Sunday, 9 March 2014

Down The Penninsula 3: Harbouring Illusions




Mousehole, Cornwall, February 2014


When I was a child, my family periodically gathered at the house of an Aunt and Uncle.  The ritual often involved an extensive slide show of photos from their most recent holiday and, whilst I enjoyed the sense of occasion, (carousel loaded, - remote control ready, - lights out…), I now suspect that the numerous similar images of my relatives aboard a canal barge, on various sections of Britain’s canal network, would have only limited appeal to anyone outside our immediate family.  Time, (and technology), move on, but I have the occasional suspicion I just might be involved in an online variant of the same process.

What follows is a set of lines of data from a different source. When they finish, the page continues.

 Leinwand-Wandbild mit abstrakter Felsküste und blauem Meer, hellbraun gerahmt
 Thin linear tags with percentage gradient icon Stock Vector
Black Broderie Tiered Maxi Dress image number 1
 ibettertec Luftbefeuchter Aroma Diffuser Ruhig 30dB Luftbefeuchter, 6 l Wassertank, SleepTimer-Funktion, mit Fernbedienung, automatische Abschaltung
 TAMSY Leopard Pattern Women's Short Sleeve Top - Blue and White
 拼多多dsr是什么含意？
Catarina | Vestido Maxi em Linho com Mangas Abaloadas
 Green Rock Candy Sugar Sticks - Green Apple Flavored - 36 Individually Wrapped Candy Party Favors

Mousehole, Cornwall, February 2014.  My Rented Cottage Is Part Of The Terrace
At Upper Centre.


So, I apologise in advance to anyone already tired of viewing images from my recent Cornish sojourn.  This post includes a miscellany of shots that could be said to fit into a number of categories, but mostly just seem to relate to my ramblings in one way or another.  Hopefully, those observations and meditations elevate all this a little beyond the level of simple holiday snaps.  I guess it’s in the nature of any blog to be slightly self-indulgent, and these posts have at least reflected some of my most recent trains of thought.  I do believe that any meaningful creative practice is a way of life rather than merely an occupation, and it all feeds back into my artwork eventually, however obliquely.  We’ll be back to urban road systems, peeling posters and Midlands grey before long, - I promise.

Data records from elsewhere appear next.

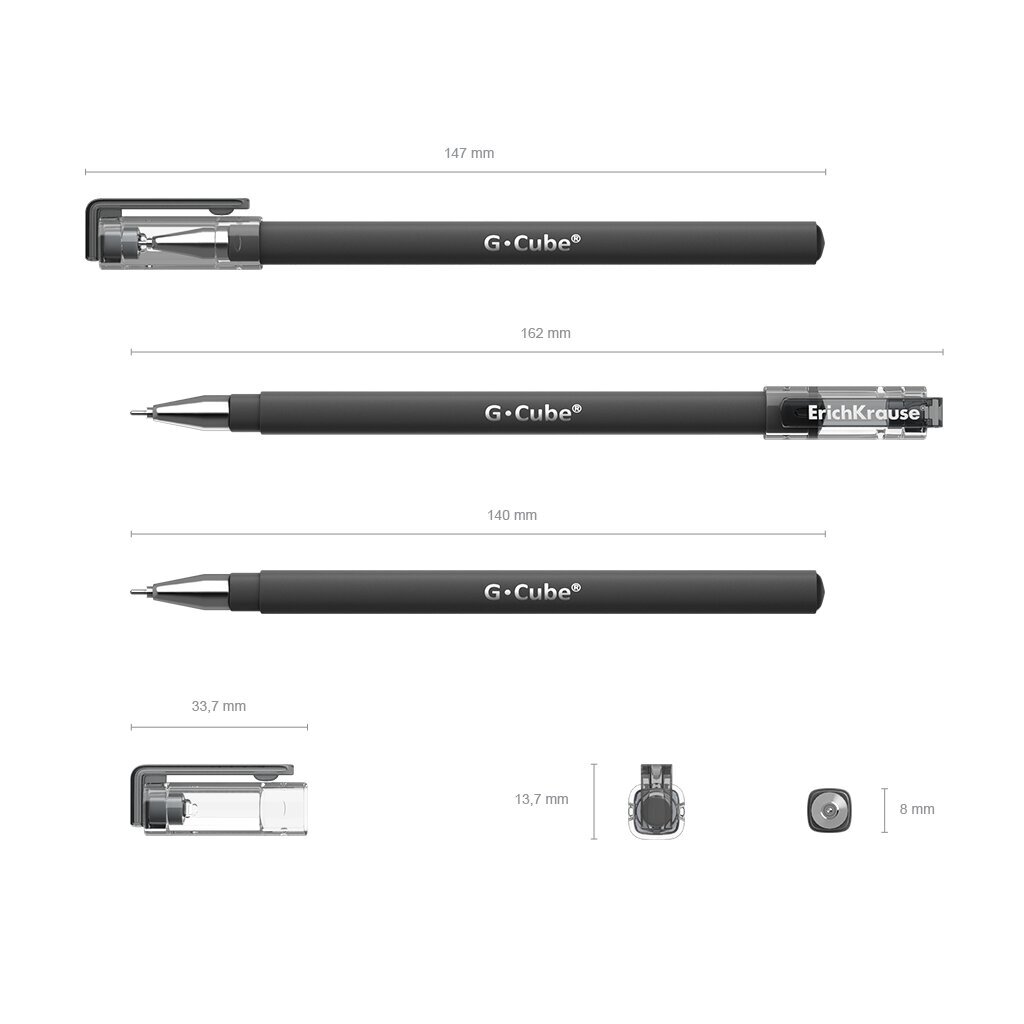 Gēla pildspalva G-Cube ErichKrause, 0,5mm, melna цена и информация | Rakstāmpiederumi | 220.lv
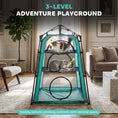Charger l'image dans la visionneuse de la galerie, Cat Tent, 3-Tier Portable Pet Tent for Indoor Outdoor, Cat House with Multi-Door, Carry Bag, Breathable Mesh for Security & Ventilation, Sun Protection, Green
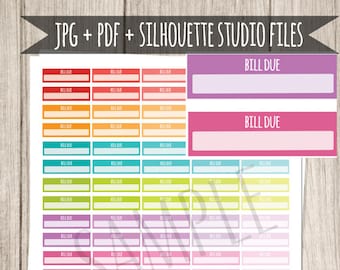 Bill Due Printable Planner Stickers Bill Planner Stickers Bill Due Sticker Functional Stickers for Erin Condren Planner Cut File Box Sticker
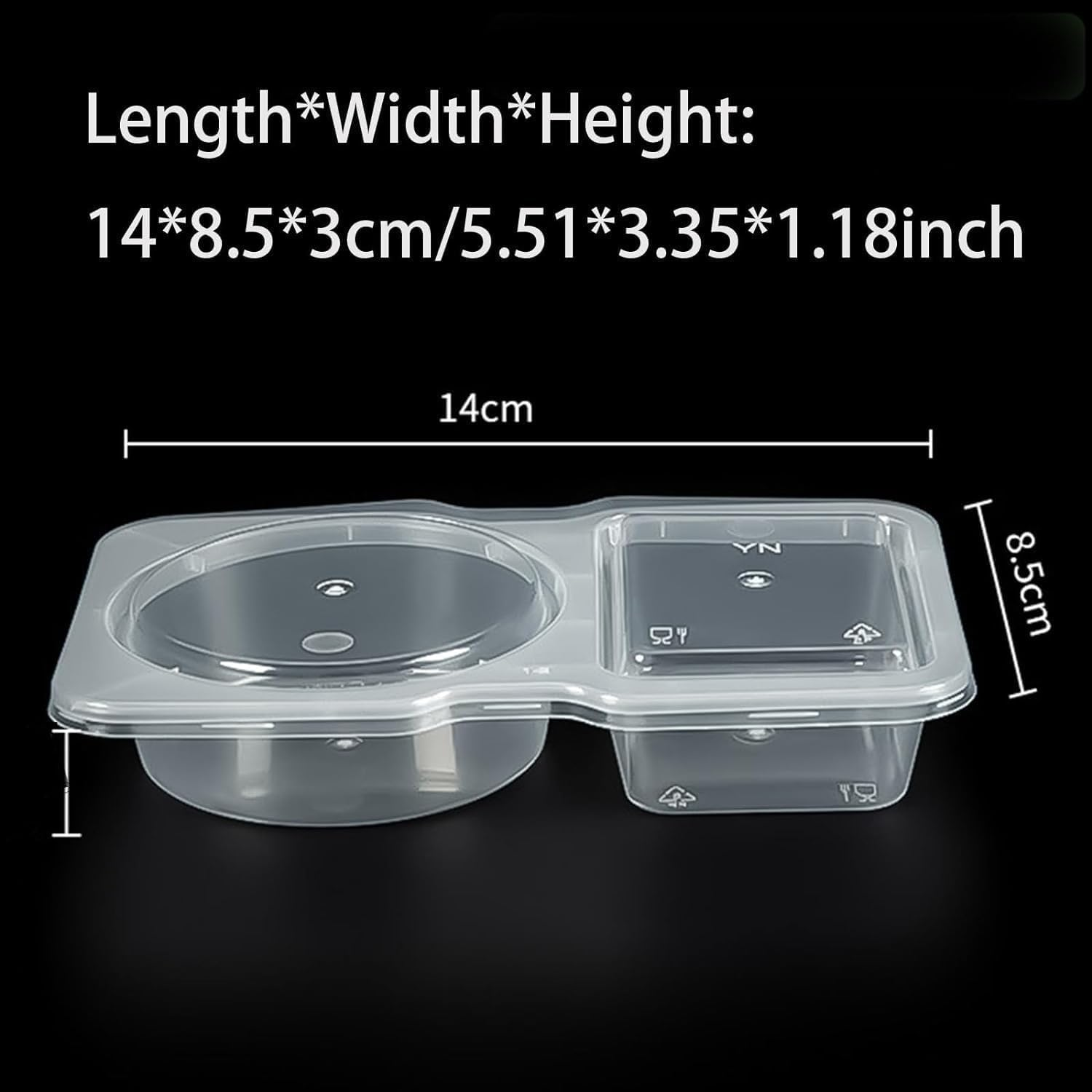 40PCS Double Compartment Condiment Container, Portable Reusable Sauce Container with Lids, Dual Compartment Container for Takeaway Sauces, Dips and Sampling image number 5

Mousehole, Cornwall, February 2014.  Anyone In Need Of A Pint Could Do Much
Worse Than 'The Ship Inn', (Centre Right).


It’s impossible to spend any time in a village like Mousehole without becoming keenly aware of the acutely mediated nature of the whole ‘Cornwall Experience’.  It is a classically characterful, ‘traditional’ fishing port, complete with a small harbor, a maze of narrow winding streets, and several quaint folk traditions.  It also contains numerous small commercial gallery/gift outlets, refreshment opportunities, rented cottages and second homes.  There is just one remaining shop where one might purchase anything resembling life’s essentials, but several smart restaurants and an over-priced specialist deli. (£3-plus for a pasty?!).  There’s a perpetual procession of contractor’s trucks negotiating the narrow streets on their way to refit/upgrade yet another cottage and, usually, a small cluster of window shoppers around the estate agency, (no longer a post office though, I note).  Don’t get me started on the numerous big Mercs. and Chelsea Tractors that often overwhelm the limited parking facilities.



Mousehole, Cornwall, February 2014


Of course, I realise this is all rank hypocrisy as I’m merely another occasional visitor in search of rest and respite from the routines of city life.  Despite all of the above, I didn’t choose less favoured accommodation in the workaday suburbs of St Austell or Redruth and can still happily claim a great affection for Mousehole as a place to idle away my down-time.  Could I live there? - I doubt it.  Could I afford to? - Definitely not.  Could a young local native on a low to average income, (assuming they could find paid employment)? - Silly question; the proportion of rentable accommodation and second homes, and resulting hike in property prices, long since passed any tipping point sustainable by an impoverished local economy.



Pendeen, Cornwall, February 2014
Mousehole, Cornwall, February 2014


What Mousehole is, in ‘reality’, is a microcosm of Cornwall’s essential dilemma.  With it’s traditional industries long dead or in serious decline, fragile infrastructure and remote(ish) location [1.], it is left with little on which to trade beyond miraculous scenery, a climate that alternates between the benign and the dramatic, history, and numerous opportunities for the comfortably-off to escape the humdrum.  Its identity becomes extruded through increasingly stylised filters of turquoise water, suspiciously clean fishing nets, Breton stripes and short crust pastry.  This is a situation in which most of the conventionally attractive or heritage-laden parts of Britain, (or indeed, the whole world?), increasingly find themselves.  Put a fence round the Lake District and you’d have a serviceable leisure/heritage compound for the Gore-Tex and poetry set.  The older quarters of most cathedral cities increasingly resemble a perpetual Renaissance Fayre.  Ever been to the ‘perfect’ Cotswolds town of Bourton On The Water? – It’s second only to Las Vegas in its hyperreality.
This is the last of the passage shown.